Bagaimana perasaan sang ibu melihat janin yang dikandungnya dengan susah payah selama 9 bulan, dielus dengan kasih sayang dan diajak bicara selagi masih di dalam kandungan, dilempar begitu saja ke dalam tong sampah? Xinran menulis dengan apik di dalam bukunya. Sepuluh wanita, sepuluh cerita berbeda, namun satu perasaan. Beberapa di antaranya bahkan mencoba bunuh diri akibat tidak tahan menanggung beban perasaan. Maka tak heran angka bunuh diri di China terhitung tinggi dan didominasi oleh perempuan.
Ada juga cerita sepasang orangtua yang bersama dengan Xinran dalam satu perjalanan kereta api (hal. 81-95). Sang ayah terlihat memeluk anak perempuannya yang berumur 18 bulan dengan penuh kasih sayang. Anak kecil bermata bulat yang lucu. Kereta berhenti di stasiun Xi’an. Sang ayah turun membawa anaknya. Tak lama kemudian kereta kembali bergerak. Xinran melihat sang ayah hanya sendiri tanpa ditemani si anak. Kemana si anak, tanya Xinran. Jawaban sang ayah mengagetkan lebih dari suara seribu guruh. Si anak ditinggalkan di stasiun Xi’an!

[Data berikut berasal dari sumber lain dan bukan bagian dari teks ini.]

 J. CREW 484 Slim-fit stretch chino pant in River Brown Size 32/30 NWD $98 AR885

Kenapa? Kenapa tega berbuat seperti itu? Xinran bertanya seperti kesetanan. Dan sang ayah hanya menjawab dingin: “Karena Kebijakan Satu Anak.”

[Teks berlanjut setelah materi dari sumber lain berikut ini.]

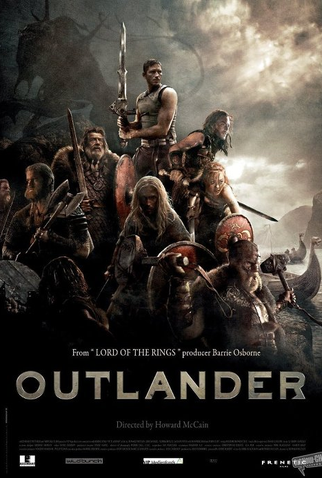 Poster 6 de Filme Outlander: Guerreiro vs Predador (2008)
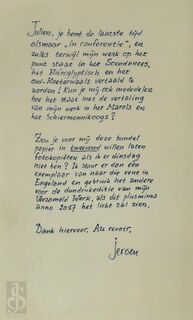 Jeroen Brouwers aan Julien Weverbergh [niet gedateerd] - BROUWERS, Jeroen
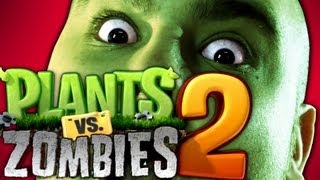 PLANTS VS. ZOMBIES 2 - It&#39;s About Time - Gametime (mit BESTRAFUNG!)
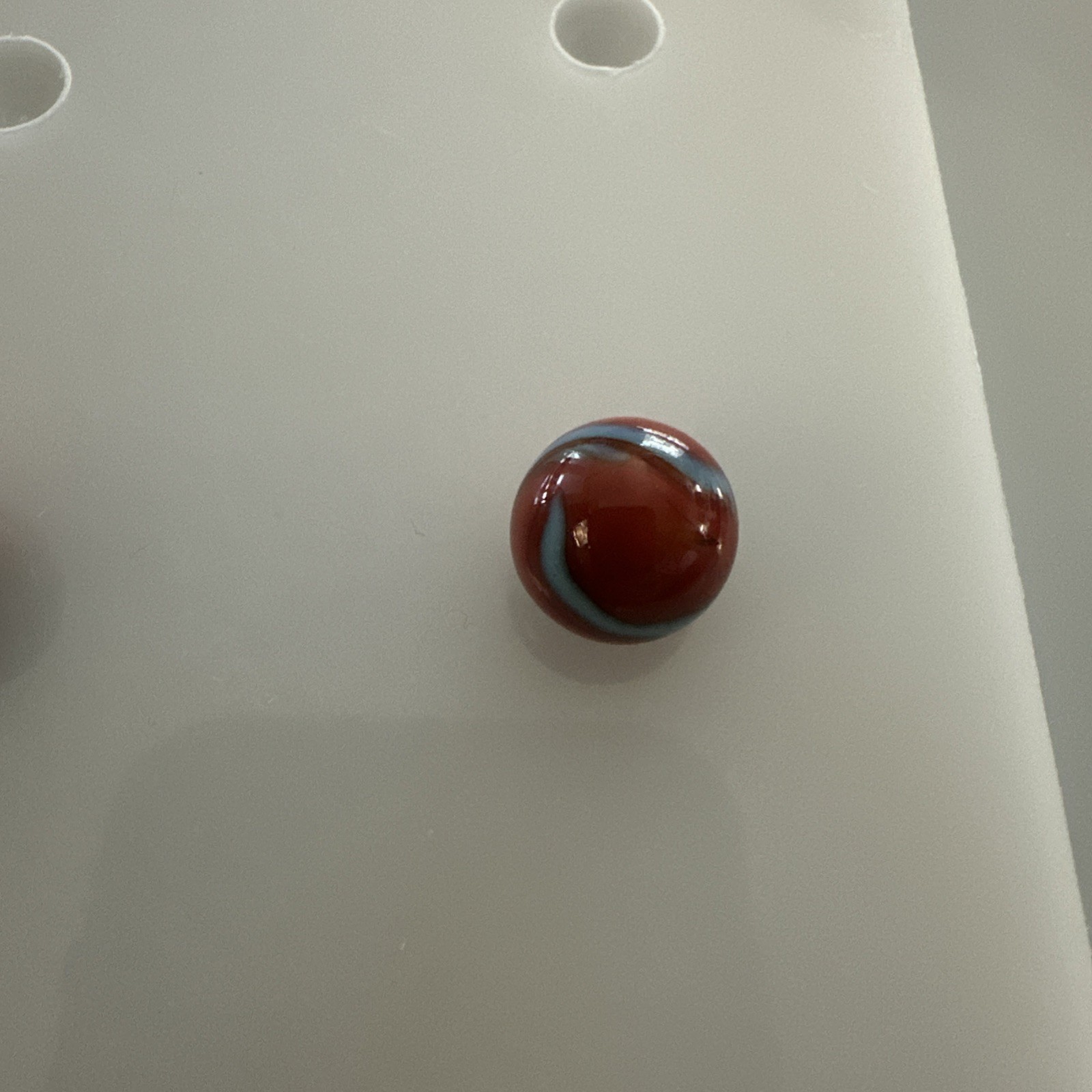 Peltier Spiderman Marble Player Size 16mm See Pictures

Ada hati yang remuk. Ada naluri keibuan yang tercabik. Lantas, apakah praktik kejam itu berhenti? Tidak juga. Laporan majalah The Economist  tahun lalu mengungkap sebanyak 100 juta bayi perempuan telah dibunuh bukan hanya di China, bahkan di lima benua di seluruh dunia atas berbagai alasan. Itu angka di tahun 1990 menurut ekonom peraih Hadiah Nobel Amartya Sen. Kini, diperkirakan angka itu telah berlipat ganda.
Mengapa pembunuhan bayi perempuan terus terjadi? Mengapa ayah dan ibu sanggup mengubur naluri paling indah sebagai manusia, naluri cinta orangtua terhadap anaknya? Jawabannya tertulis di kalimat yang saya kutip dari buku Xinran di awal artikel ini. Manusia sanggup menukar dirinya menjadi makhluk bukan manusia atas nama tradisi dan kebijakan politik pemerintah.."

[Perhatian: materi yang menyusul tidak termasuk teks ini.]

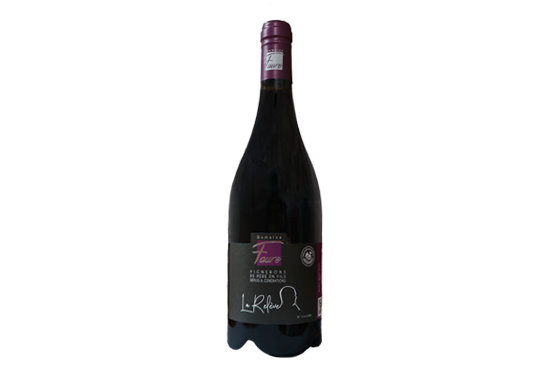 Bouteille de La Relève by Jérémy, vin rouge du Domaine Faure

Kutipan diatas adalah sepenggal kisah lama yang tidak akan terlupakan sampai kapanpun.
artikel diatas, meununjukan bahwa praktik gendercide dan secara tidak langsung mengarah pada terjadinya tindakan genocide. Dan hal ini bukan lagi menjadi suatu "hal" yang "sulit" untuk dilakukan.dengan berselubung sebagai sebuah kebijakan pemerintah, pemusnahan nyawa manusia (bahkan yang baru saja lahir) seperti tidak bernilai. Rasio yang muncul antara 120 dan 160 laki-laki untuk setiap 100 perempuan, yang akan meninggalkan jutaan laki-laki China tanpa pasangan, seperti yang dilaporkan dalam erabaru.net, hal tersebut telah mengakibatkan meningkatnya perdagangan seks di China, dan tingkat bunuh diri perempuan di China yang melampaui laki-laki, yang berarti bahwa 500 perempuan bunuh diri setiap hari sebagian tanggapan terhadap kebijakan 'satu-anak'. mungkin disini yang mnjadi korban adalah wanita, namun hal ini mencoba menjelaskan bahwa mungkin, dalam konteks dan ranah yang memang berbeda, setiap pria atau wanita,terkadanag memiliki resiko yang sama dalam menjadi korban gendercide.hanya saja, dalam artikel gendercide tersebut porsi pria lah yang lebih di soroti.bagaimana seorang pria yang tewas dalam pertempuran, atau menjadi korban kekerasan dan tindakan Sexual Abuse kaum pria lainnya.